◆ **What to work on**
Transcribe, exactly and without pictures, the lines below from the line with "2024 Volkswagen Jetta" to the line with "Joyería de plástico", both ends included, and no others.

◆ **Task inputs**
════════

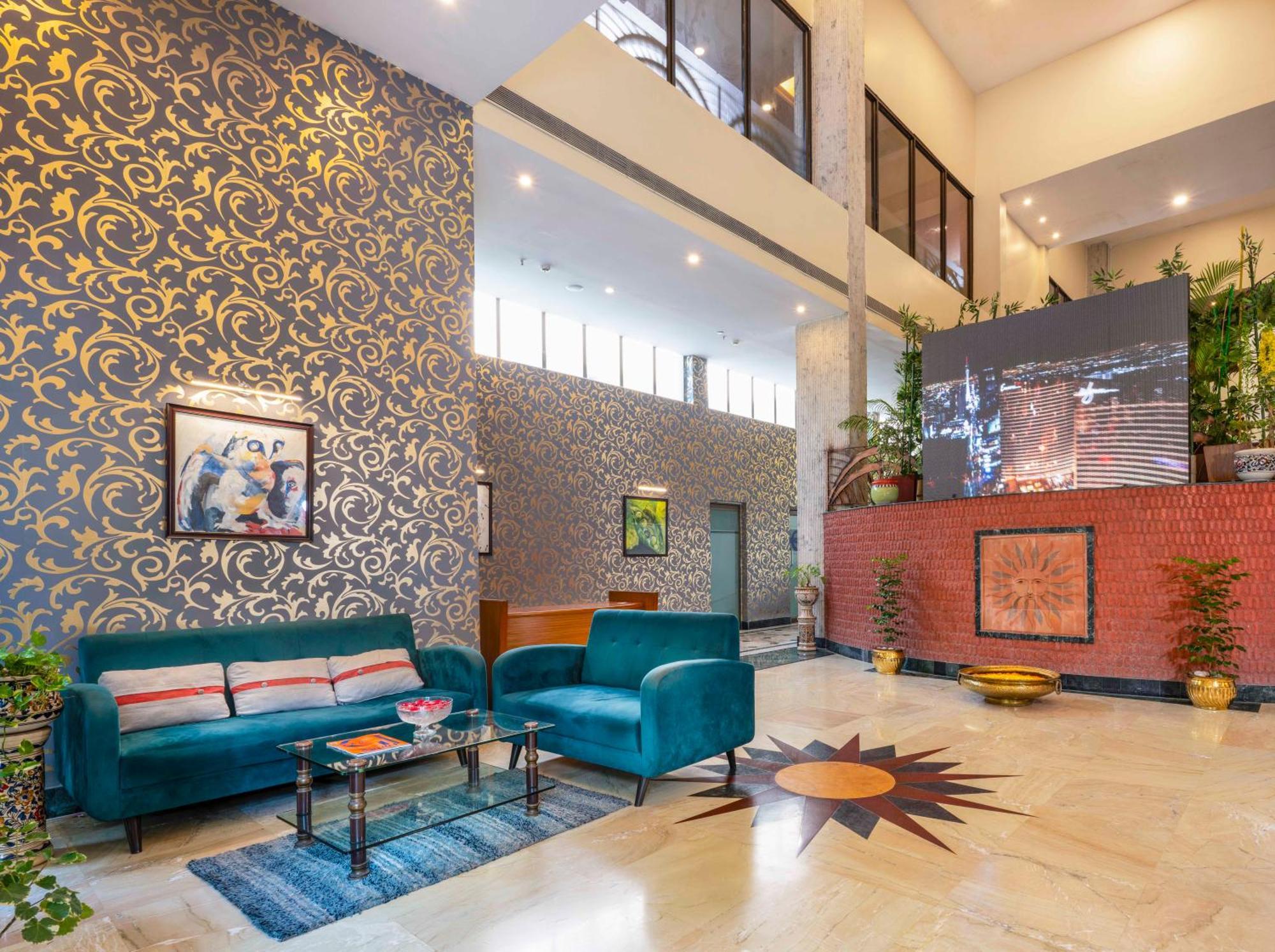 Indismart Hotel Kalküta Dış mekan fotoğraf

════════

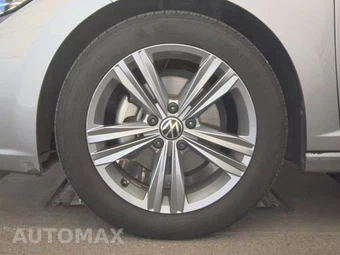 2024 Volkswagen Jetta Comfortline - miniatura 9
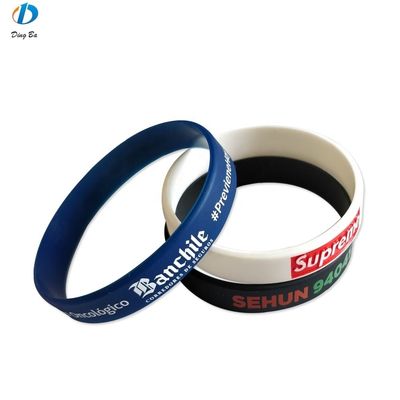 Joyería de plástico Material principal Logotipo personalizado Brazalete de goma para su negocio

════════

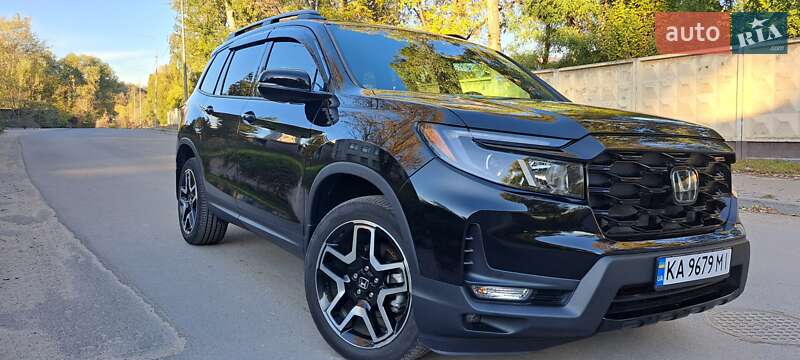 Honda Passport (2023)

════════

◆ **Answer space**
 2024 Volkswagen Jetta Comfortline - miniatura 9
 Joyería de plástico Material principal Logotipo personalizado Brazalete de goma para su negocio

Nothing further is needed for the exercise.